Both Anderson and Brown said the relationships fostered through the clinical trials have been especially rewarding.
“The support and the relationships I have found at UVA, with the doctors, the nurses and the whole UVA team, have just been great from the beginning,” said Anderson, who has participated in UVA clinical trials since 2010. Brown, who gets to see patients’ reactions as they experience the technology and the relief it brings, put it simply.
“I have the best job in the world,” she said.
The Next Ride
Now that the artificial pancreas system has FDA approval, Kovatchev, Brown and other UVA researchers are setting their sights on what Kovatchev called “the next generation of improvements using the power of new data science methods,” in collaboration with UVA’s new School of Data Science. They hope to continue testing and tweaking the system, and to use what they have learned to expand treatment for patients with Type 2 diabetes, who produce insulin but often do not produce enough.

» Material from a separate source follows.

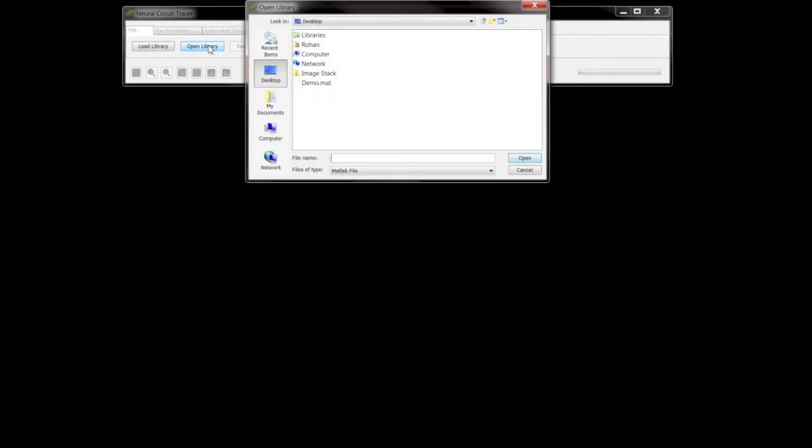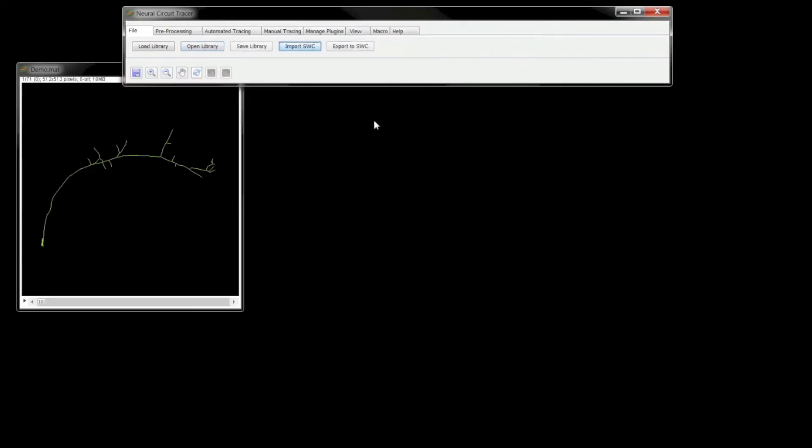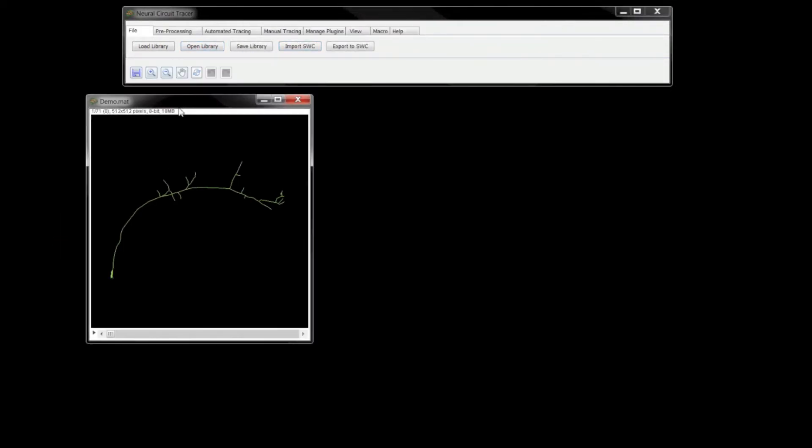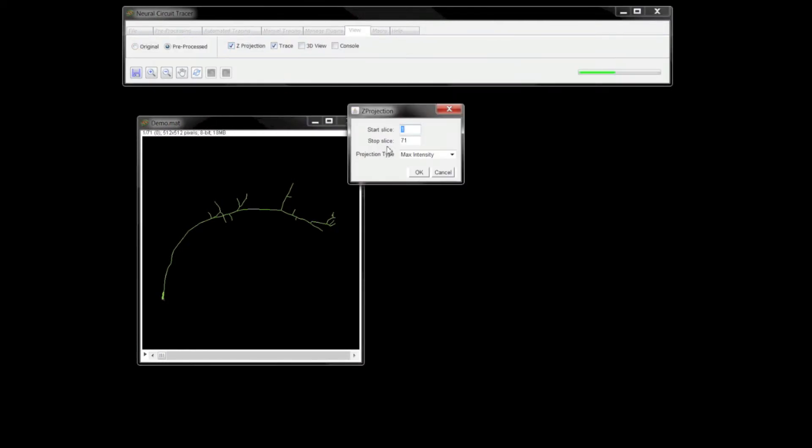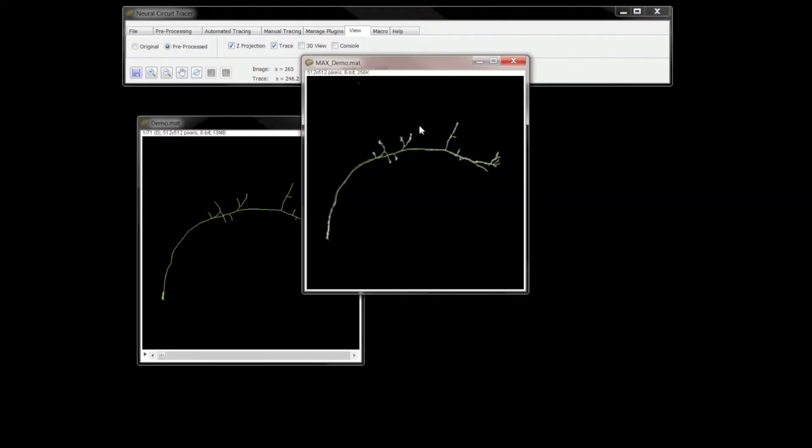Let me load a trace I saved along with an image stack as a .mat file earlier. This is nearly a complete trace, as you can see on the Z-projection where I can toggle the trace on and off.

Brown also hopes to further examine how the system affects and improves sleep quality, and to conduct studies specifically focused on young children and older adults.
As for Anderson, he is already looking forward to his next ride, to automated blood sugar control, and to life with fewer complications from his diabetes.
“The FDA approval was just so exciting, and this technology is such a big step forward for all of us,” he said. “Hopefully it leads to more and more improvements and, eventually, a medical cure.”